David Flaws BSc (Hons) PhD Dip Tchng MNZAC

I’m a pakeha male. I have a string of degrees, although most of my academic knowledge isn’t relevant to my ability to deal with disputes and personal grievances as an employment advocate. But I also have more than 40 years experience as a research scientist, teacher, senior public servant, counsellor, facilitator, consultant, mediator, and advocate. Most of that is very relevant.

I don’t have legal qualifications, but I do have an excellent working knowledge of Employment and Human Rights law.

I came to general employment advocacy work through an interest in bullying and harassment in workplaces. I negotiate and mediate well, and I listen and understand the feelings of the people involved very well. These skills give me a real edge in helping my clients negotiate satisfactory outcomes.

I can bite kneecaps if the situation calls for it, but I would much rather negotiate than fight. Litigation is always expensive, and the outcome can never be absolutely certain. It is almost always better to talk our way to a settlement based on the strength of the case and relative risks, the amounts likely to be awarded, and the “intangibles”.

“a real edge in helping my clients negotiate”

Often an “intangible” is best dealt with by talking through the possibilities, risks, and costs with the client. I have had clients who really wanted to punish the people who had treated them badly, and for some of them it was worth running some risk and escalating costs by going all the way to a hearing. For others in the same position, talking through their feelings with me has enabled them to drop their need to be “right” and to accept an offered settlement.

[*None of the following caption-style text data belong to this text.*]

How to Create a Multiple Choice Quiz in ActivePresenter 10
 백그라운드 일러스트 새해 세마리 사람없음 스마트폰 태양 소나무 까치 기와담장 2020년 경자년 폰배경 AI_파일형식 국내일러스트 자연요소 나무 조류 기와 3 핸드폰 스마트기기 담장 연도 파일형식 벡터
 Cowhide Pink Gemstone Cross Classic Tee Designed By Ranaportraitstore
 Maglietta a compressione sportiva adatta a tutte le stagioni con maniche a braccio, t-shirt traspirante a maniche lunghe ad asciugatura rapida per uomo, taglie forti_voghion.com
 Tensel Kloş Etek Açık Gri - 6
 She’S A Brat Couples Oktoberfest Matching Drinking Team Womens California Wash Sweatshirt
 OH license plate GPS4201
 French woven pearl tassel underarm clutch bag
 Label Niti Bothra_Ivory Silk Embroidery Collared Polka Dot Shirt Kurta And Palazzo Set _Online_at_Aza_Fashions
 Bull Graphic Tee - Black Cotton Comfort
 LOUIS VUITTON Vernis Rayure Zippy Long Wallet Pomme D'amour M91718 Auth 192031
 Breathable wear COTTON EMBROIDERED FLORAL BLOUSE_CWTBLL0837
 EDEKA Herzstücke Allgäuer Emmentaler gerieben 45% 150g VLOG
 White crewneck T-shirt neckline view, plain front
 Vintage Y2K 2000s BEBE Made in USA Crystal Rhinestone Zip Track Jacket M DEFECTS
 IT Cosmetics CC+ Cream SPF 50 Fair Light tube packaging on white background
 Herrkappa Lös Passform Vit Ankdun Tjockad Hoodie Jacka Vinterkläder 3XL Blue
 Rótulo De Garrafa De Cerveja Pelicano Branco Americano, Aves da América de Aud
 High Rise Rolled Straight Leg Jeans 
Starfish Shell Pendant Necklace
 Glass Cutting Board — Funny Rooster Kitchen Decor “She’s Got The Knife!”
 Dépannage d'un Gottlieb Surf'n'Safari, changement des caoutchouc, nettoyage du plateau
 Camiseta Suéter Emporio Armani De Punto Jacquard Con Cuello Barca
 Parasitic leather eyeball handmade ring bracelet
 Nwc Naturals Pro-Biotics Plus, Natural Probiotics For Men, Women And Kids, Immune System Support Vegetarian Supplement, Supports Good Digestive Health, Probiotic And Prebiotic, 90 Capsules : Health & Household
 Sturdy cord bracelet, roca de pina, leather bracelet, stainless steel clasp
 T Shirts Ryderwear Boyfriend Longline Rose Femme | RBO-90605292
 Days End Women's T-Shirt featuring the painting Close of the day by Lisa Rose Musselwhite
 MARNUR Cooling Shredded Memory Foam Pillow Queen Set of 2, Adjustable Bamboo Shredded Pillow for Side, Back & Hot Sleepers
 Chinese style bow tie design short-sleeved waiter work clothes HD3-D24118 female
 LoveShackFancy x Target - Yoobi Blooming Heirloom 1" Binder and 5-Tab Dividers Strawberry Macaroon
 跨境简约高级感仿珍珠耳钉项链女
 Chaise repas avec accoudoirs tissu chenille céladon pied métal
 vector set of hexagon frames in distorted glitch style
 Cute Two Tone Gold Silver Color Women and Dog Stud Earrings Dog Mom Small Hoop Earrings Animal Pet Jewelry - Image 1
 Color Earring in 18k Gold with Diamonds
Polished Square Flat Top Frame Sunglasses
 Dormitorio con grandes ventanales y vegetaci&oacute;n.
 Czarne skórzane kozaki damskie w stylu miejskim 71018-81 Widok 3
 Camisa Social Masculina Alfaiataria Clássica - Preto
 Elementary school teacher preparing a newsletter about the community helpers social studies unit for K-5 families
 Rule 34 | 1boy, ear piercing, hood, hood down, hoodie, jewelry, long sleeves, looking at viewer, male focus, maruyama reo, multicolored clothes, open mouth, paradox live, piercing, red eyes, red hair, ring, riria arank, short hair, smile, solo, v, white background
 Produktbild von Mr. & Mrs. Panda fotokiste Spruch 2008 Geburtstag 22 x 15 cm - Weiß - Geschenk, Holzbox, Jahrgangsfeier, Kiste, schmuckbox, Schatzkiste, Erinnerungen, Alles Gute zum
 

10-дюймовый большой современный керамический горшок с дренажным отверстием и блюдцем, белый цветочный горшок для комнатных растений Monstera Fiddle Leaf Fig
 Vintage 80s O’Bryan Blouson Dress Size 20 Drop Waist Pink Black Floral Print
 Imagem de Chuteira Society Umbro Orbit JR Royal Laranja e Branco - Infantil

Sometimes, an “intangible” will involve a client who has been traumatised to the point where a long legal process is not a realistic option. In these cases, an important part of my job is to support them to get a small settlement quickly so that they can finish the matter and walk away with their self respect intact.

My thirty five years as a counsellor and my work in family violence has provided skills that make me much better than most lawyers in dealing with “intangibles”.